**PROBLEM**: What are the lines below, starting at the line containing "Propaganda política en" and ending at the line containing "Active With Contract: $889,000"? Write them out exactly, ends included, without pictures.

**MATERIAL SHOWN**:

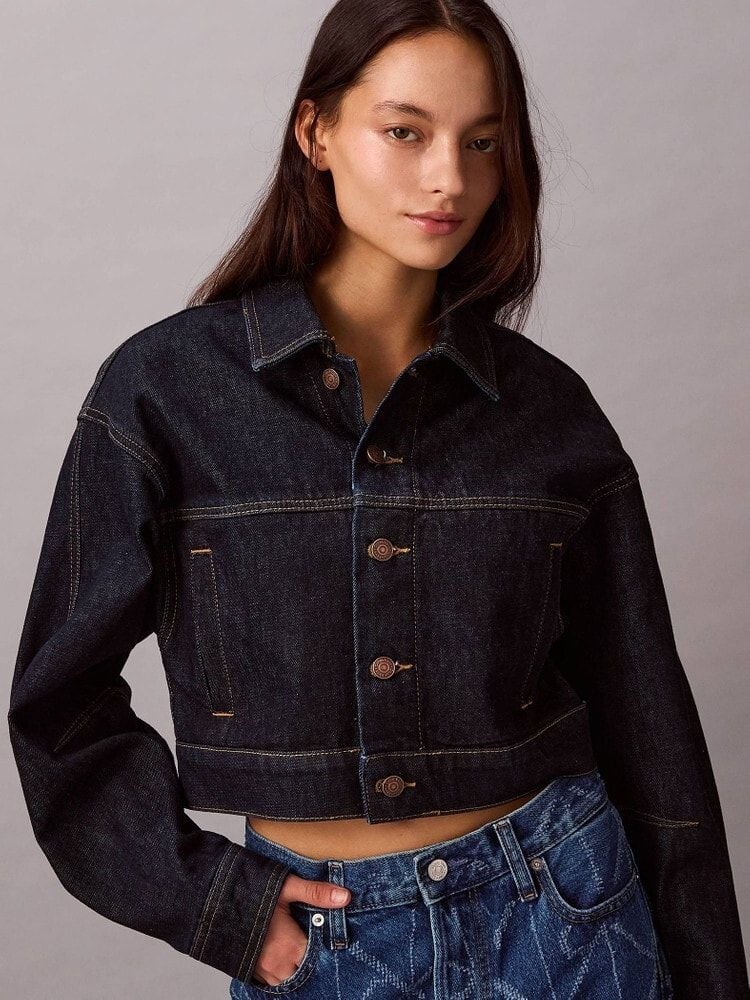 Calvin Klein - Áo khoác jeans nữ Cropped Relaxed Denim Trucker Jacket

---

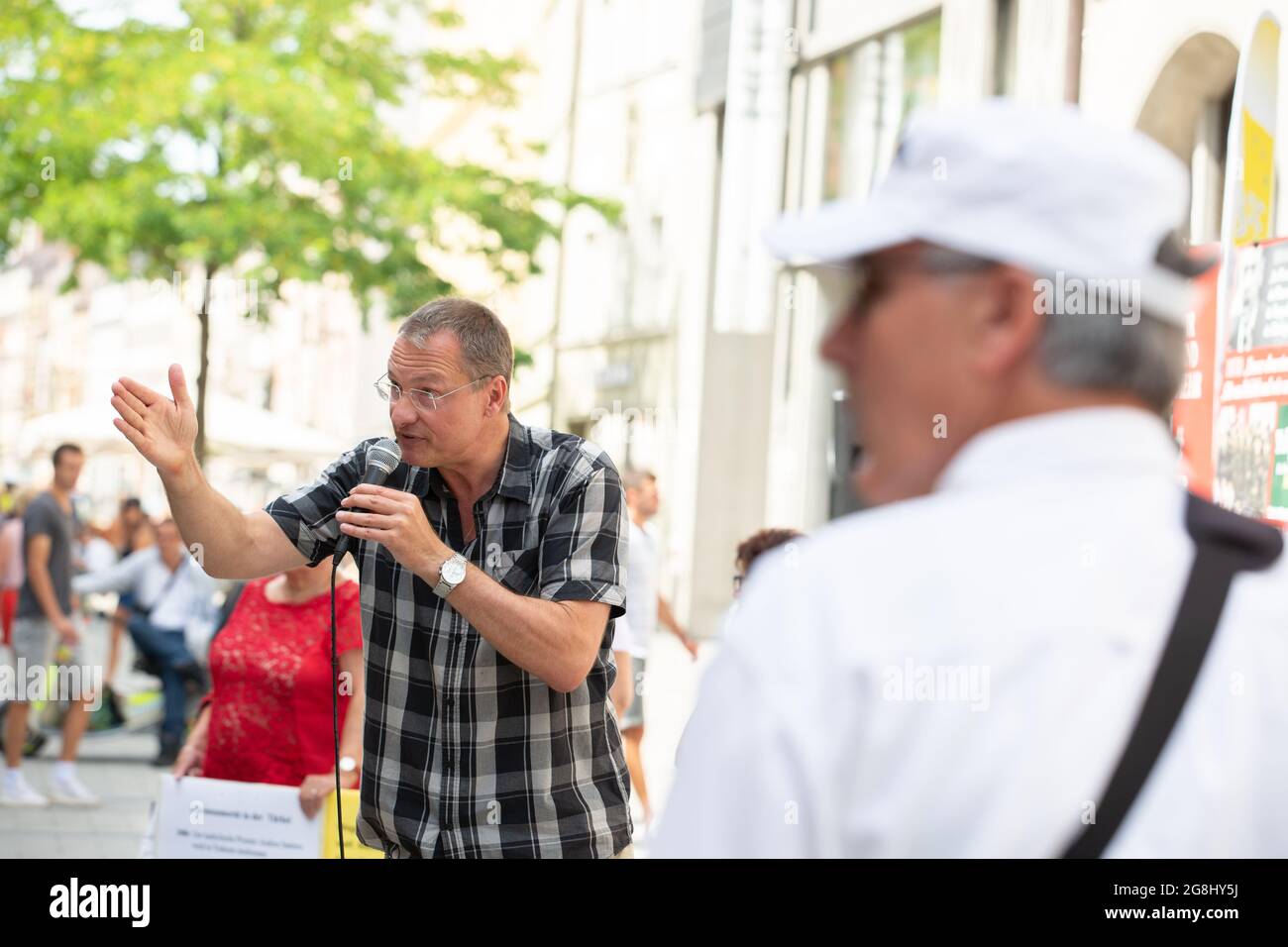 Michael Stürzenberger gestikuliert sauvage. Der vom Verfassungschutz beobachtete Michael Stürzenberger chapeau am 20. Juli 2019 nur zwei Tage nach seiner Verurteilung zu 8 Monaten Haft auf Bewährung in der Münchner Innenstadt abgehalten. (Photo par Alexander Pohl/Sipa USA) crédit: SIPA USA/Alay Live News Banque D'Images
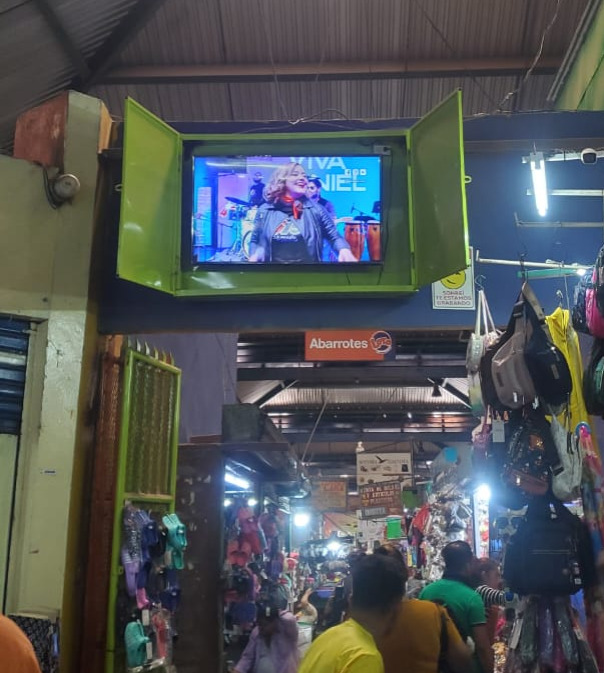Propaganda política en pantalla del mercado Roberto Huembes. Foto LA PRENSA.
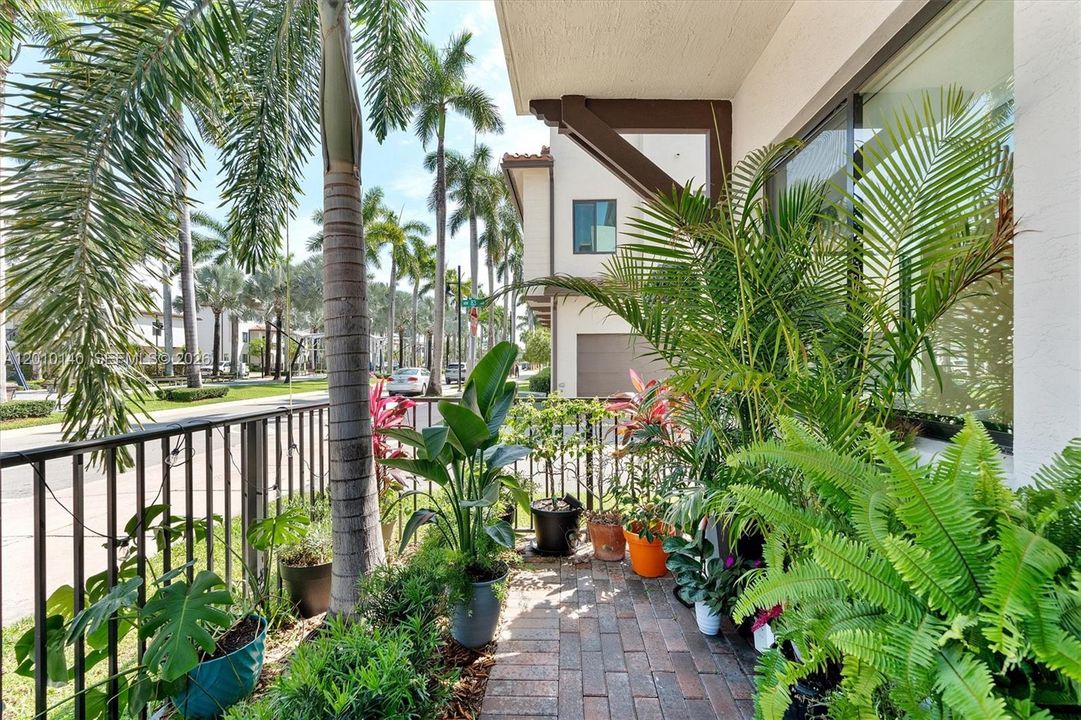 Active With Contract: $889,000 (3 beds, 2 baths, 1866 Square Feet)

--

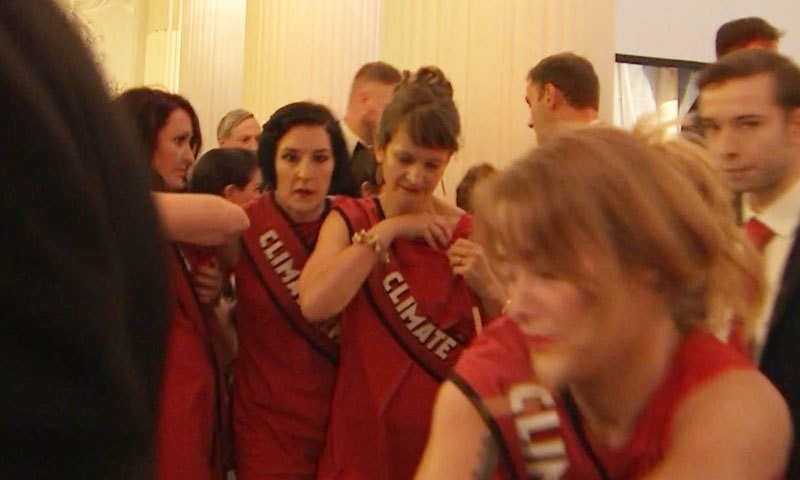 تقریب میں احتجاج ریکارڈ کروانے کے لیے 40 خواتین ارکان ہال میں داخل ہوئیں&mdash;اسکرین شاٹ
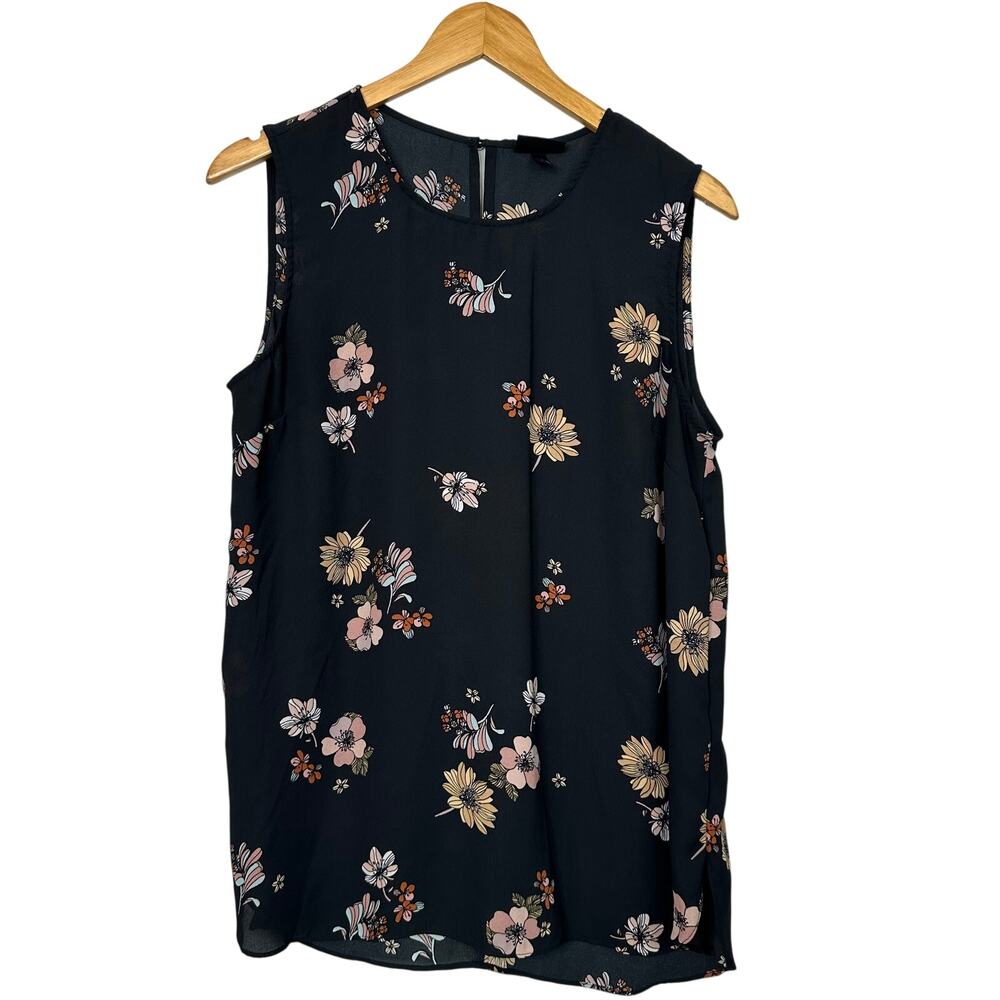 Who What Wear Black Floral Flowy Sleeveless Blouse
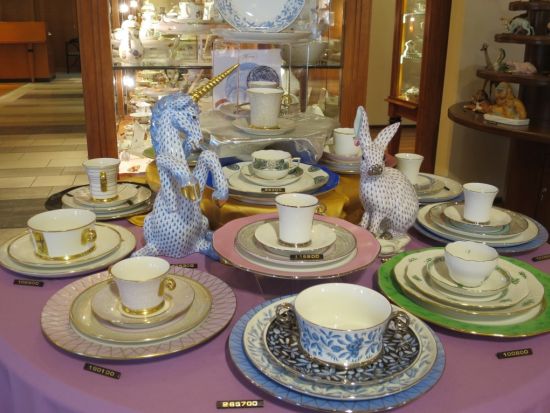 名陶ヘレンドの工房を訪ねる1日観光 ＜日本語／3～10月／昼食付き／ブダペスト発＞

**WRITTEN SOLUTION**:
Propaganda política en pantalla del mercado Roberto Huembes. Foto LA PRENSA.
 Active With Contract: $889,000 (3 beds, 2 baths, 1866 Square Feet)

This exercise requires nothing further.